No seven-year-old talks that way, but as Lucy told it and as her scribe, Ms. Coray,
reported it, Joseph was God’s chosen messenger and was to be remembered as one who acted
the part, even as a child. Unfortunately, none of these tales are true. Lucy was beside herself to
see her son in pain and was literally carried out of the house crying uncontrollably.
The other story that was reported by LDS historians, taken from Coray’s account of
what she gained from her interviews with the grieving Lucy Smith, was concerning Joseph’s
refusal to “drink some brandy,” or “take some wine.” Lucy said (according to Coray’s notes)
that the doctor tried to give Joseph some wine saying, “You must take something, or you
can never endure the severe operation to which you must be subjected,” to which Joseph
supposedly responded, “No! I will not touch one particle of liquor.”^12 These details are
completely false and again came from a grieving Lucy some thirty years later, attempting to
aggrandize the son that had just been murdered by the world.
Joseph’s father, Joseph Sr., was a heavy drinker who often found solace in the
bottle to massage the weaknesses he felt from his many personal and business failures.
There was liquor in the house, but it wasn’t wine. It was whiskey. Joseph trusted his
father to know what was best for him; so when his father brought out his bottle of
whiskey and told Joseph to drink some to ease the pain he was about to feel, Joseph took
the bottle and tried to drink it. Anyone who hasn’t developed an acquired taste for
alcohol would understand what happened next. Joseph spit the whisky out of his mouth
and onto his father, crying, “I can’t drink that Father! Please just hold me tight!”
His mother’s only reference to the assumptions she would make about what occurred,
came from what she gathered from being outside the house where she had just been forcefully
evicted, only overhearing Joseph’s cries.
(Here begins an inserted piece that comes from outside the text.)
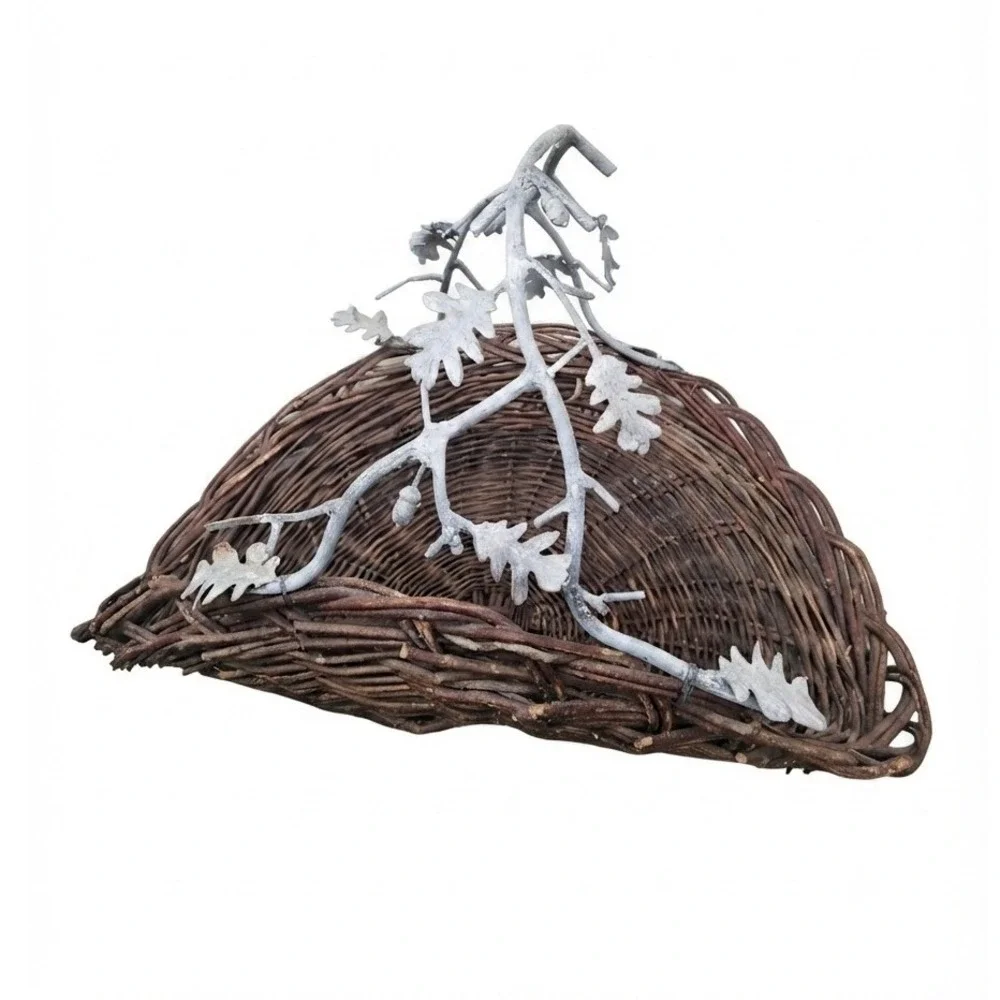 Woven Grapevine Wicker Harvest Basket Large Brown Metal Oak Branch Handle 29in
That’s all she knew about the incident.


Joseph Let Them Believe What They Wanted


Because of his role to be to the people whatever they wanted him to be—according
to their desires and free will and for their sake—Joseph never disputed any legend the
people wanted to believe about him and which, in their minds, supported him as their
“Moses.” In fact, on more than one occasion Joseph would say in private to some of his
closest associates, “Let them believe what they want about me if it serves for their good. ”^13
Is there any wonder why most of his closest friends left him and called him a fallen prophet,
thinking him to be vain or willing to let a “lie” stand without correction?